PROMPT »
Lines outside the range are not wanted. Give again exactly the lines between the line holding "Pair of European" and the line holding "Simone Tempestini, coliziune cu o vacă", inclusive, from the listing below.

-*-

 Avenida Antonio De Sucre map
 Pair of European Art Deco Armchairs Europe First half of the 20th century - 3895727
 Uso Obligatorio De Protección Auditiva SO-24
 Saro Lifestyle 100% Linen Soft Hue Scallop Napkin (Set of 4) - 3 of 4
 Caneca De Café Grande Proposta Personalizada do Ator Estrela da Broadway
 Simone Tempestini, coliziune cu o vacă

-*-

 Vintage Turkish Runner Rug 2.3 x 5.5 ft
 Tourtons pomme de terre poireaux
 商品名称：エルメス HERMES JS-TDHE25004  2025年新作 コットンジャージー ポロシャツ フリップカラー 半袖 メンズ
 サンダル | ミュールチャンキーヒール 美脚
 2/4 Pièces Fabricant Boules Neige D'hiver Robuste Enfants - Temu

-*-

SOLVED EXERCISE »
 Pair of European Art Deco Armchairs Europe First half of the 20th century - 3895727
 Uso Obligatorio De Protección Auditiva SO-24
 Saro Lifestyle 100% Linen Soft Hue Scallop Napkin (Set of 4) - 3 of 4
 Caneca De Café Grande Proposta Personalizada do Ator Estrela da Broadway
 Simone Tempestini, coliziune cu o vacă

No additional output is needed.